STARTERS

· Duck Liver Parfait
· Tian of Cape Crayfish, Winelands Chevin and Tomato with Watercress Crème Fraiche

Duck Liver Parfait

Ingredients:
4 finely chopped onions
1 clove garlic – finely chopped
4 tots brandy
500g Duck livers livers
200g salted butter

Method:
Sauté onions and garlic. Add livers and sauté until light brown in colour. Remove from stove and flambé with brandy. Remove and turn into a strainer. Repeat until all the livers are done.

Blend the cooked livers until fine. Pass through a fine sieve.

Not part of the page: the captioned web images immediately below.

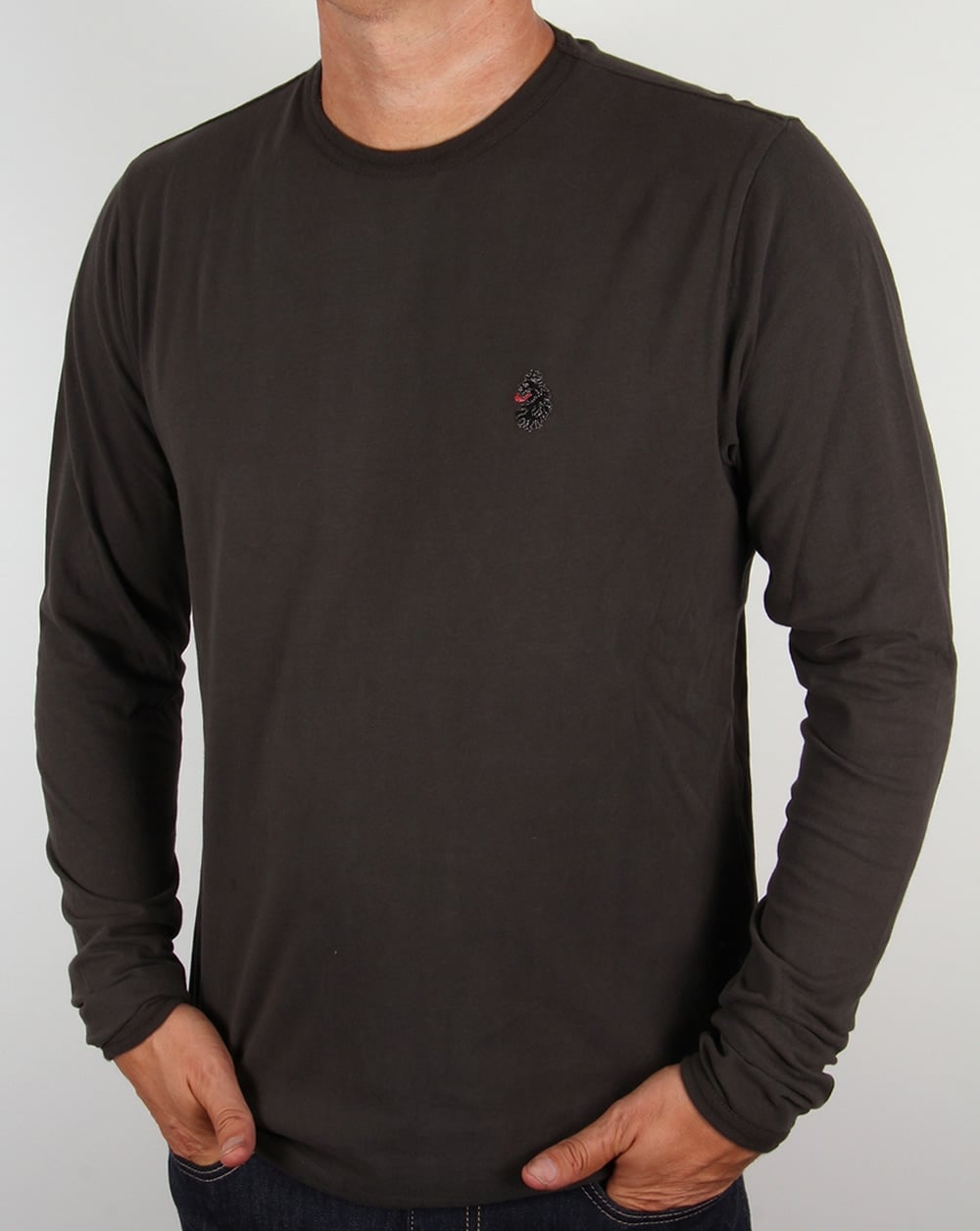 Luke Langarm-T-Shirt Anthrazit
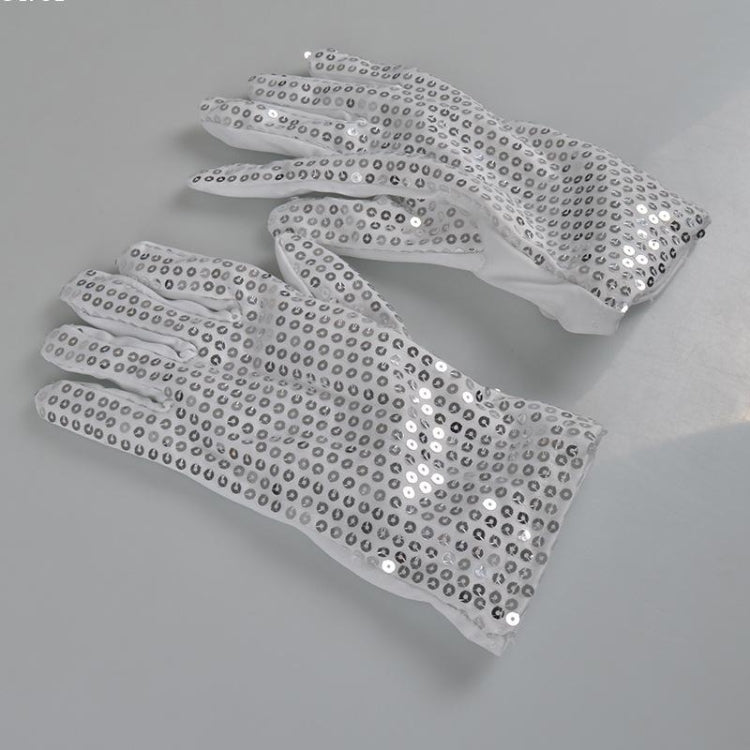 1 Pair Sequins Glowing Gloves LED Flash Gloves Dance and Party Supplies Halloween, Christmas and Other Festival Supplies, Sequins Glowing Gloves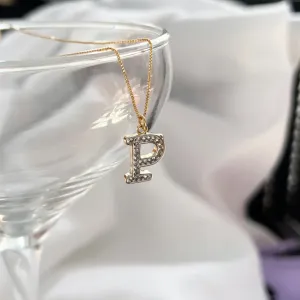 COLAR LETRA MICRO ZIRCONIA - P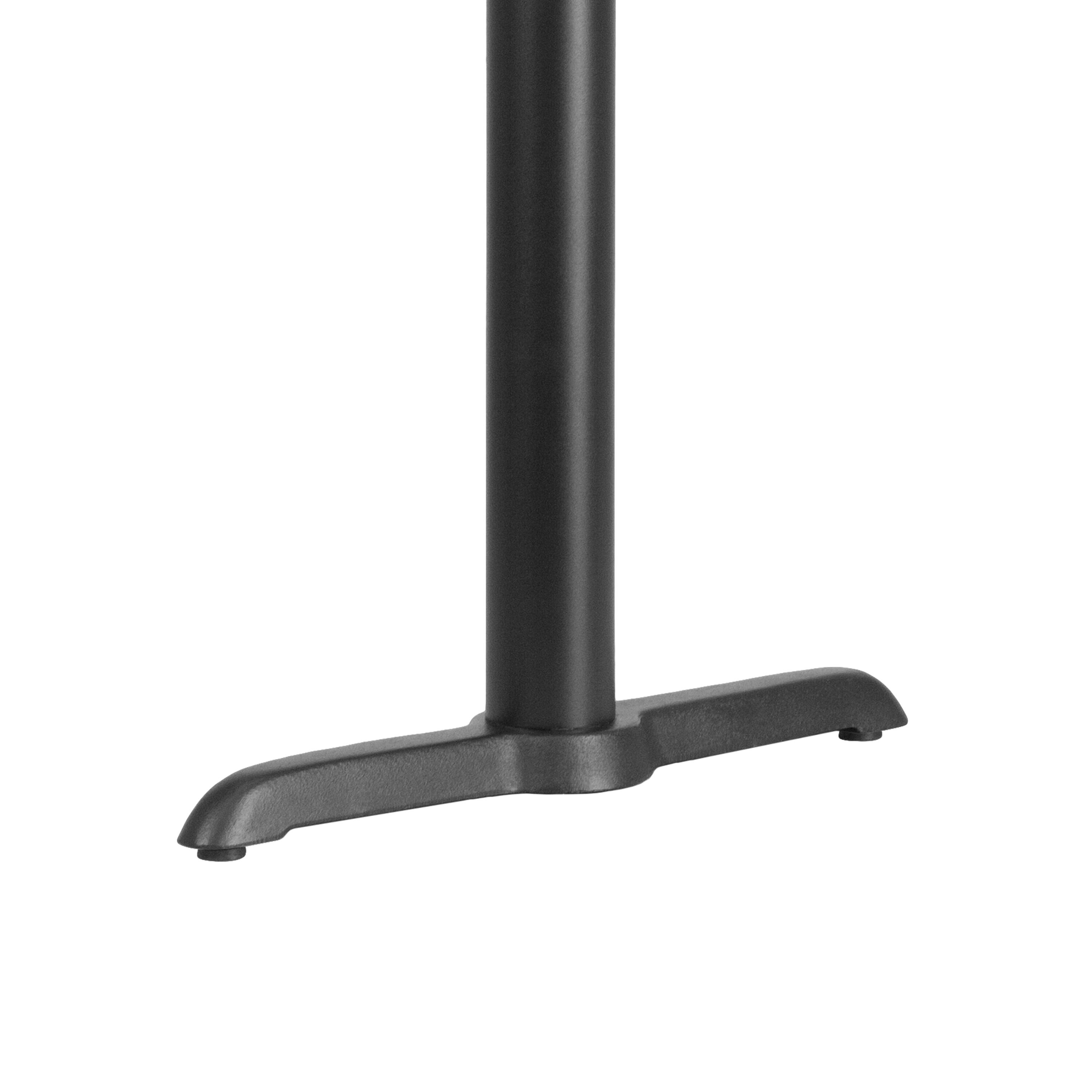 Alt View 9. Emma + Oliver - 5'' x 22'' Restaurant Table T-Base with 3'' Dia. Table Height Column - Black.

With a hand blender, slowly blend 2 blocks of butter into the livers until light in colour and creamy in texture. Season mould and refrigerate. Serve with Red currant jelly or beetroot marmalade and a glass of Ratafia.

 

Tian of Cape Crayfish, Winelands Chevin and Tomatoe with Watercress Creme Fraiche

Ingredients:
4 crayfish tails (poached in salted water with lemon)
250grm soft chevin cheese
4 tomatoes (peeled, seeded and diced)
20grm tomato paste
20 grm garlic
20grm ginger
80ml cream
40grm coriander
50grm chives
30grm baby lettuce leaves
20ml olive oil

Method:
Mix the chevin with the cream until smooth and add the herbs.Sweat the garlic and ginger in a little olive oil and add to the mix.
Pan fry the chopped tomatoes and add the coriander and tomato paste. Allow to cool.
Peel and slice the crayfish into medallions and arrange at the bottom of the mould.
Alternate layers of crayfish, cheese and tomato until the mould is full.
Allow to set in the fridge.
Sauce the plate first, take the tian out and top with baby leaves tossed in olive oil.

For the sauce:
50ml white wine
200ml fish stock
100ml cream
4 bunches watercress
2 apples, chopped
30grm garlic, chopped
1 onion, chopped

Sweat the onion, garlic and apple. Add the white wine, cream and fish stock and reduce by half.
Allow the sauce to cool and place in the blender. Add the watercress. Pass through a sieve and season to taste.